Dave, in his final incarnation, becomes a fetal creature, floating in space in a bubble, looking at us with… hope?  challenge?  new beginning for humankind?  In a more recent viewing of the film, will humanity pass into something more innocent? More helpless?  Will the virus kill us off?  Will there be a human afterlife? It is an image to contemplate, in what is one of cinema’s true works of art.

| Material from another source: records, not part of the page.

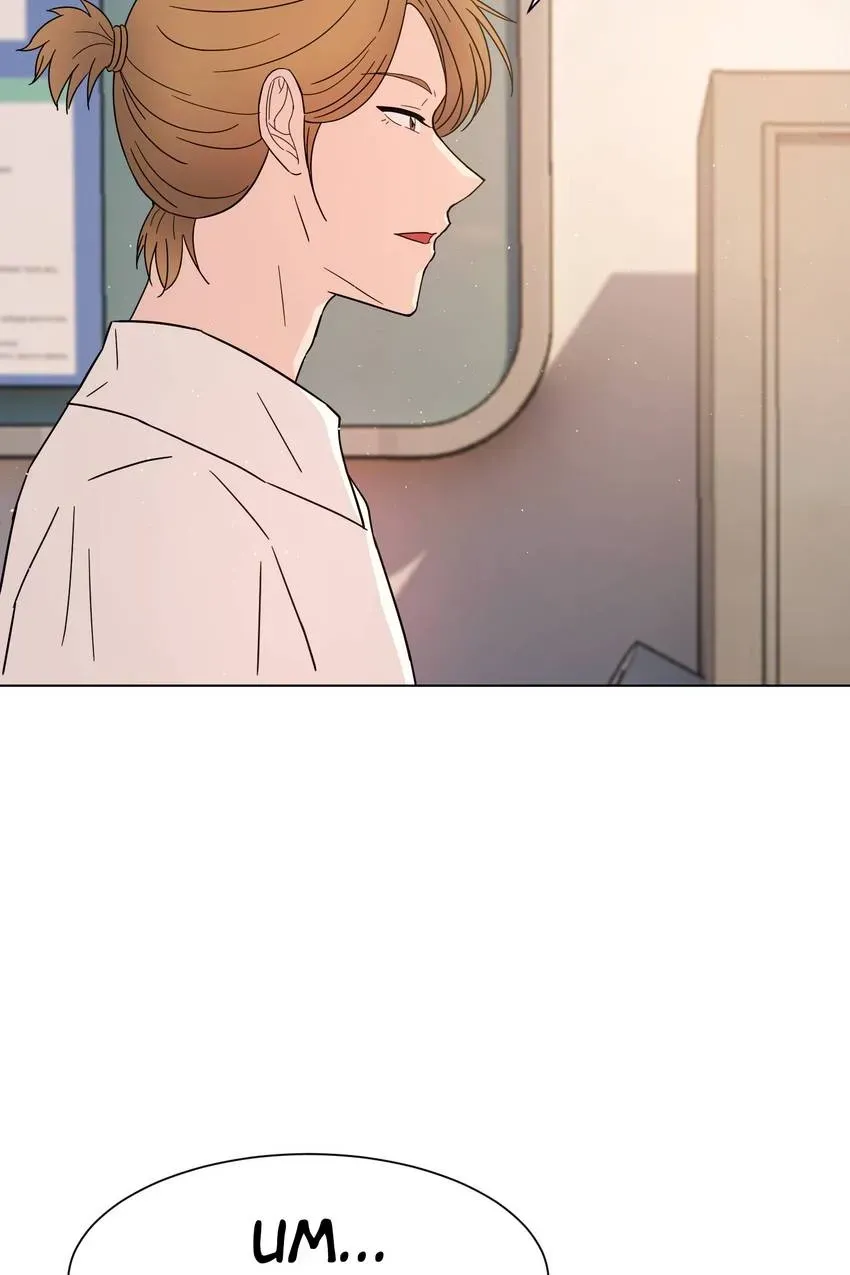 A.C.E. Chapter 6 page 24 - 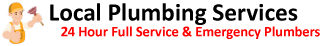 Holly Hill Plumbers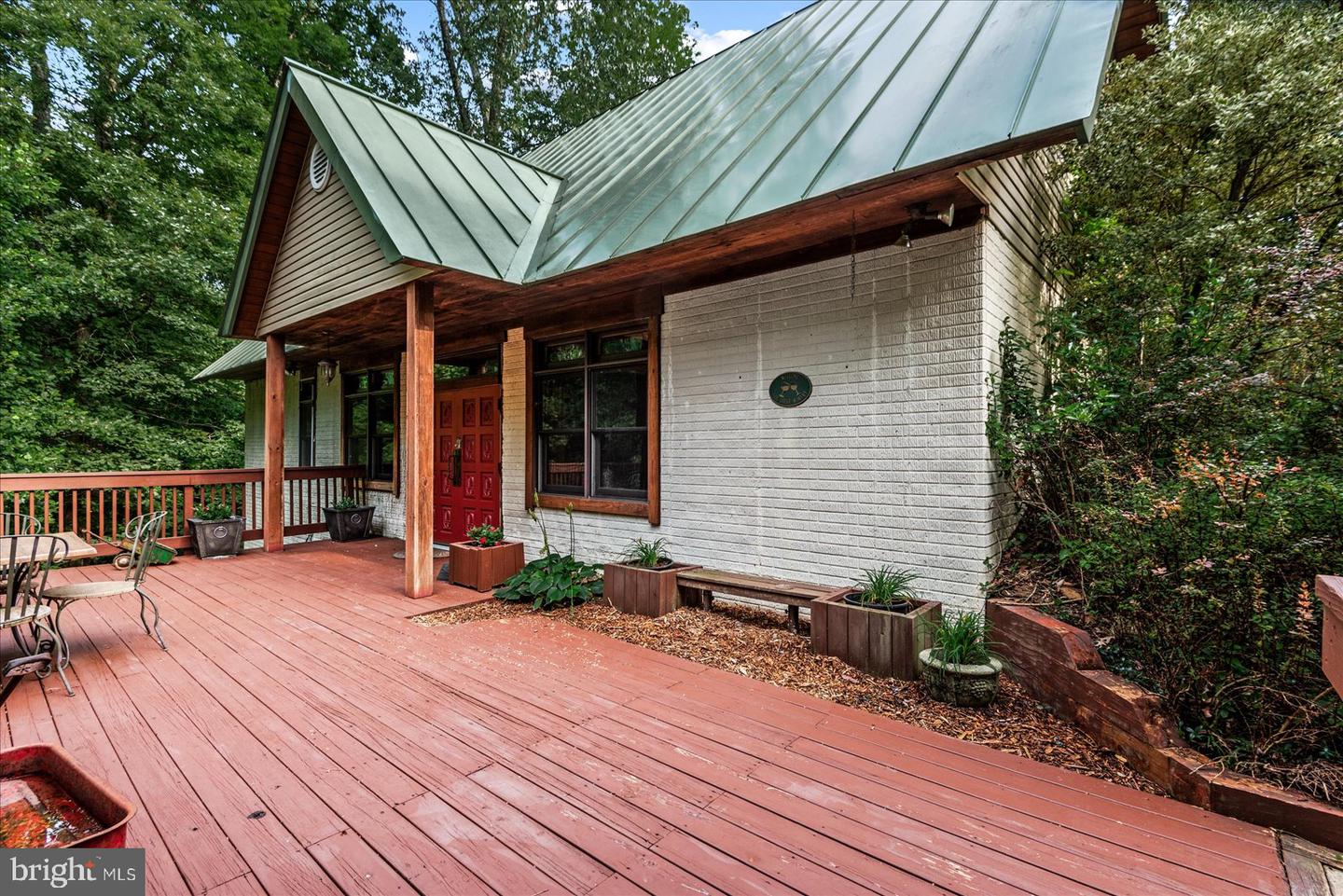 8215 OAK CREST DR, KING GEORGE, Virginia 22485, 1 Bedroom Bedrooms, ,1 BathroomBathrooms,Residential,For sale,8215 OAK CREST DR,VAKG2006772 MLS # VAKG2006772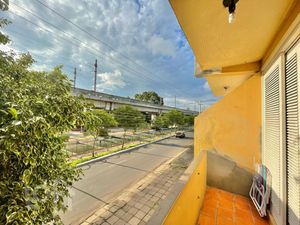 Image 1 - 853968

“2001: A Space Odyssey” contains images and technologies that appeared impossibly cutting-edge in 1968, but many of which have come to pass.   There is a seat-back television on the space shuttle. The film is filled with computerized graphics, on control panels and elsewhere. HAL is an early and advanced form of artificial intelligence, more dangerous than the sci-fi robots created to that time. Computerized printouts can be ordered by voice command. There is an early video telephone (amusingly, only 1,90 from space).  And for Frank, one of the lonely astronauts, there is a virtual birthday celebration from his parents, on a screen for him to view.

The film demonstrates the necessity for virtual experiences in extreme circumstances.  But I find today’s over-enthusiastic push for virtual experiences annoying and alarming.  In the absence of meaningful human interaction, thrust upon us by the need for self-isolation, virtual talks and meetings can be emotional lifesavers. 

But for me, nothing virtual will ever suffice.  My world-view, the sharpening of my sensitivities, my humanity and the definition of a good life, have been shaped by opportunities for human interaction and contemplation in places like movie cinemas, coffee shops, art galleries, history museums, concert halls, sports arenas, libraries, fitness centers, restaurants, bookstores,  live theaters, zoos, gardens, lecture halls, guided travel, and so on.

I would not like to contemplate a time in which humankind, out of an abundance of caution, is reborn into a world where these experiences are only available through a computer screen.  We must seek better. I see the face of hope in the final image of “2001: A Space Odyssey”.



1 comment:

  1. This is a profound and visionary film and possibly more pertinent today. I continue to be dazzled by your thoughts about these films and their relevance, Tom. The connections you make and astute observations produce a light show of their own ... a 2020 film odyssey. Thank you!